[Opening EXERCISE INPUT section]

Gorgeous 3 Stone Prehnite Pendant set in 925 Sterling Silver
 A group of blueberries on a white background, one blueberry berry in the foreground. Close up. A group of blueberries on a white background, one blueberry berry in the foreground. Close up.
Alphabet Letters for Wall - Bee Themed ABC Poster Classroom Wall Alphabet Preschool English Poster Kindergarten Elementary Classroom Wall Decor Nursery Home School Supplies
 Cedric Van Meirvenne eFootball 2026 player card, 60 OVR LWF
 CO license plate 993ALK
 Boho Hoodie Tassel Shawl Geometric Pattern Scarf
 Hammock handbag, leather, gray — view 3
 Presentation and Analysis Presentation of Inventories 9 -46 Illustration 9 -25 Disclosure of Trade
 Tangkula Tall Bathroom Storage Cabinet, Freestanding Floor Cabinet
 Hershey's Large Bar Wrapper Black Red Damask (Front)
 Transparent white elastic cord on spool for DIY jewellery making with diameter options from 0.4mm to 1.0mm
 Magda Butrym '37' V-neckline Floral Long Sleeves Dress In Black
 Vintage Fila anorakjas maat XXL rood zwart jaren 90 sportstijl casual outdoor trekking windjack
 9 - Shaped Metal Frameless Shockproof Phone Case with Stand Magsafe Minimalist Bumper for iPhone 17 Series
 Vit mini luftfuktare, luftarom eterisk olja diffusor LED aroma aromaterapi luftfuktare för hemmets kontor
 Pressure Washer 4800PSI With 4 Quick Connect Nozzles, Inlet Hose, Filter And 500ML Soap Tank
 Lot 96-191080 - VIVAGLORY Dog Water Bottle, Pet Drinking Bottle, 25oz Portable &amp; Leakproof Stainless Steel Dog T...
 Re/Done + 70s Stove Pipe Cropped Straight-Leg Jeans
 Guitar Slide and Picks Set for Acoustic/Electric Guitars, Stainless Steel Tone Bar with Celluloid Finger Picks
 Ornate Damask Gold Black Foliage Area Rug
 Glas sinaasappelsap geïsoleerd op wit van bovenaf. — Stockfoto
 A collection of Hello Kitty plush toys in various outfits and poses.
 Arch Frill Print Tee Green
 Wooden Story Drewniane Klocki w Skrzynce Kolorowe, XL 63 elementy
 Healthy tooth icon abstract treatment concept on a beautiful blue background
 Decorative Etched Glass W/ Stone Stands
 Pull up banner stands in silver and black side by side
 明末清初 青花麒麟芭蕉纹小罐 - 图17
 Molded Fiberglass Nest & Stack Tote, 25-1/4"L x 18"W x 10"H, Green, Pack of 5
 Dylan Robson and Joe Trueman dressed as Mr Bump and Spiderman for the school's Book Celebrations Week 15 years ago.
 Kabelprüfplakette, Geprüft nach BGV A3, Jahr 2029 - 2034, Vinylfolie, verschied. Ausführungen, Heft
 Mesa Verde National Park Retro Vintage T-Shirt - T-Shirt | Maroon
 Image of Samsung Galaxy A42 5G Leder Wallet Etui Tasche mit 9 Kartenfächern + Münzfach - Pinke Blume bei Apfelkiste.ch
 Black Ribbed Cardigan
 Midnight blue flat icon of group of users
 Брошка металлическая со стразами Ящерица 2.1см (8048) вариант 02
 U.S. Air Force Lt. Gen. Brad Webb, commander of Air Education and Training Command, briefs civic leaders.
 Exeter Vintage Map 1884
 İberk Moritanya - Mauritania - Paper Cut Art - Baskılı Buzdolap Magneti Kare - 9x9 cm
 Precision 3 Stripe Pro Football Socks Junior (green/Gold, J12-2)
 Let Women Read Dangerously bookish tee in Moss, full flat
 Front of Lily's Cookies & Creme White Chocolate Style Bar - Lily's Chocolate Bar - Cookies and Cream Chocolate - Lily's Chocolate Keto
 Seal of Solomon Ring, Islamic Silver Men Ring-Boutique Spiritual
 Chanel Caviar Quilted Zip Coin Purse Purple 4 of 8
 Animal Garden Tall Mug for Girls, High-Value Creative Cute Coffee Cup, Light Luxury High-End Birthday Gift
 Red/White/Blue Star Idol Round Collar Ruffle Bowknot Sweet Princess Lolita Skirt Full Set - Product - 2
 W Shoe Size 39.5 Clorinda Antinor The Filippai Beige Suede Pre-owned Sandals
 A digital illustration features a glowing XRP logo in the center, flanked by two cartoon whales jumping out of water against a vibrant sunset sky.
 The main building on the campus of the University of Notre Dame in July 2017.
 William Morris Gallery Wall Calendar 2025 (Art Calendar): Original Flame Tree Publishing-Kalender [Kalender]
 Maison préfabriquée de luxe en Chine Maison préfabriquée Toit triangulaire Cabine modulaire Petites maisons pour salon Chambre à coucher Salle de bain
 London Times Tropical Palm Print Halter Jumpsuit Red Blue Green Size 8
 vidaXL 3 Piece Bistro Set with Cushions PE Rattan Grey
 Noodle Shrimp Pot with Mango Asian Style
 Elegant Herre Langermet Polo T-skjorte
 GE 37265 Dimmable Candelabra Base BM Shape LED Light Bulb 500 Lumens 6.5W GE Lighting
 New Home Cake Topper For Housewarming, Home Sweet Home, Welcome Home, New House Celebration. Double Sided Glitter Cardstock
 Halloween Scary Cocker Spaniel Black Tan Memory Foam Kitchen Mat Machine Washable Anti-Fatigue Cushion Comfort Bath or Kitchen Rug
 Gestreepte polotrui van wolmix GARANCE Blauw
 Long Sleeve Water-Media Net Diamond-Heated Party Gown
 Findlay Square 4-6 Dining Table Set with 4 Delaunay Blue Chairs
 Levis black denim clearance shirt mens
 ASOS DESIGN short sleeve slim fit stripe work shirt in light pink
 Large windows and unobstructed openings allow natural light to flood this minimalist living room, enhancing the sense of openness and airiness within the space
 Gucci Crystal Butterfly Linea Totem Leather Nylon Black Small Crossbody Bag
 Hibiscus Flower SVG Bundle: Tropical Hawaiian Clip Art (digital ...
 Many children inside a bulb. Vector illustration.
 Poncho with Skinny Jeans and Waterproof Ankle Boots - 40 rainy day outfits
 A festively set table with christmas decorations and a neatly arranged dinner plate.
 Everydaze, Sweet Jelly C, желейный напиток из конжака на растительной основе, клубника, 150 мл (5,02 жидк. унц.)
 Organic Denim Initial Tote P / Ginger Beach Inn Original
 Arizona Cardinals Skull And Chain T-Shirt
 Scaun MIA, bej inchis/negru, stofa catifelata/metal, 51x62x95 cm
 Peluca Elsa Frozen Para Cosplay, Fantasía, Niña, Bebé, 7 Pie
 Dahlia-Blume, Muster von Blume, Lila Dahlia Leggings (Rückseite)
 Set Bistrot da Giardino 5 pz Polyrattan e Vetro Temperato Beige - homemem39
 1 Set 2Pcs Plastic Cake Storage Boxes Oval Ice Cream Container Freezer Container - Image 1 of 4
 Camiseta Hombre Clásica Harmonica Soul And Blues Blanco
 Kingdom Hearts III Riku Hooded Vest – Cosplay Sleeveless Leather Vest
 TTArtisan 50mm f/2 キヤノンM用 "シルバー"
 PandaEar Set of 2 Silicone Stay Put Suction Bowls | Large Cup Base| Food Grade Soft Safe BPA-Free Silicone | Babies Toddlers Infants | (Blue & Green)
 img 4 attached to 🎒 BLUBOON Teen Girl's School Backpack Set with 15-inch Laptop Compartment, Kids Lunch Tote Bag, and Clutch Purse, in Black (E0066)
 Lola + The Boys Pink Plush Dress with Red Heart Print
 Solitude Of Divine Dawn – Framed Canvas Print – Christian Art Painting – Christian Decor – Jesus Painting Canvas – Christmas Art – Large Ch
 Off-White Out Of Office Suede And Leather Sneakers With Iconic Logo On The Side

[Closing EXERCISE INPUT section]

● **TO DO**: Only a number is wanted here. How many lines in the material contain "Jeans"?

● **RESPONSE TO THIS TASK**: 2